|   | |
| Paradigms | Dataflow, distributed, grid, concurrent, scientific workflow, scripting | 
|---|---|
| Developers |  University of Chicago, Argonne National Laboratory  | 
| First appeared | 2007 | 
| Stable release | 0.96.2    / August 5, 2015  | 
| Typing discipline | Strong | 
| Platform | Cross-platform: Java | 
| OS | Cross-platform: Java | 
| License | Apache 2.0 | 
| Website |  swift-lang | 
| Influenced by | |
| C syntax, functional programming | |
| Influenced | |
| Cuneiform | |
Swift [1] is an implicitly parallel programming language that allows writing scripts that distribute program execution across distributed computing resources, [2] including clusters, clouds, grids, and supercomputers. Swift implementations are open-source software under the Apache License, version 2.0.

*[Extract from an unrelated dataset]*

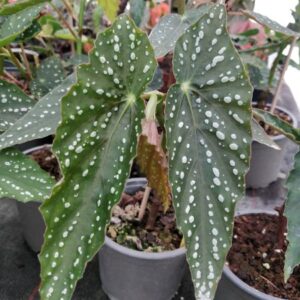 Begonia 'My Special Angel'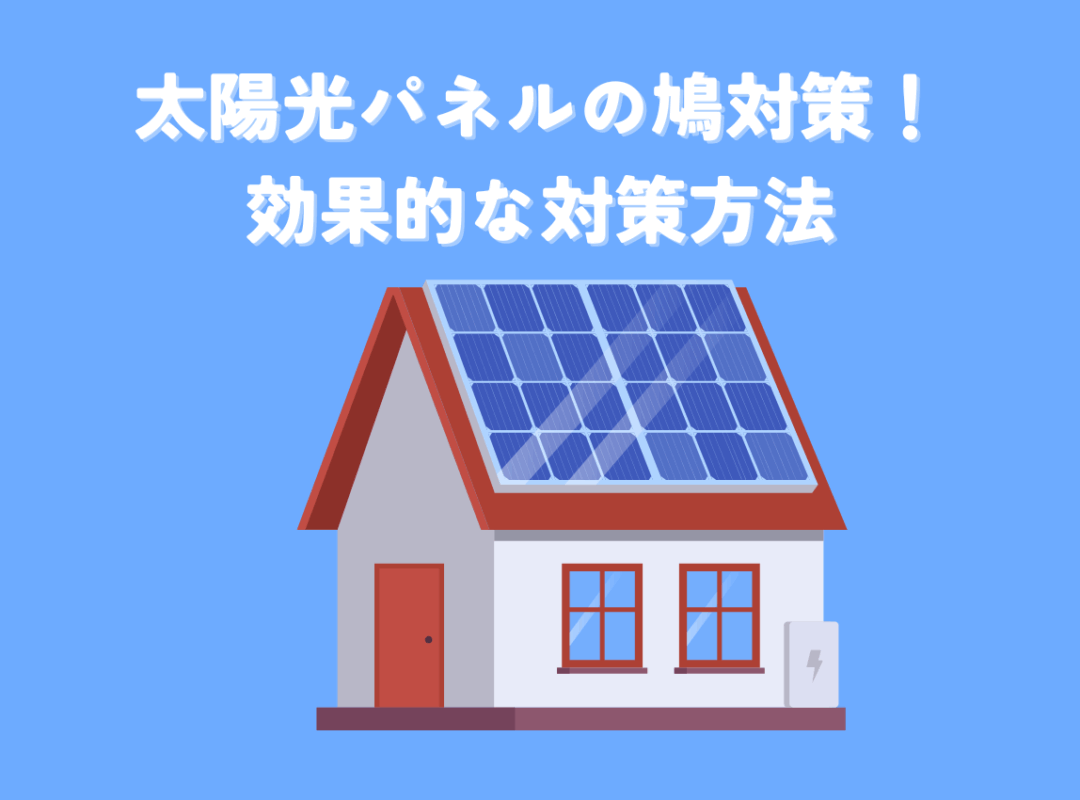 太陽光パネルの鳩対策!効果的な対策方法を解説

A Swift script [3] describes strongly typed data, application components, invocations of applications components, and the interrelations in the dataflow between those invocations. The program statements will automatically run in parallel unless there is a data dependency between them, given sufficient computing resources. The design of the language guarantees that results of a computation are deterministic, even though the order in which statements executes may vary. A special file data type is built into Swift. It allows command-line programs to be integrated into a program as typed functions. This allows programmers to write programs that treat command-line programs and files in the same way as regular functions and variables. A concept of mapping [4] is used to store and exchange complex data structures using a file system structure with files and directories.
Rapid dispatch of parallel tasks to a wide range of resources is implemented through a mechanism called Coasters task dispatch. [5] A Message Passing Interface based implementation of the language [6] supports very high task execution rates (e.g., 3000 tasks per second) [7] on large clusters and supercomputers.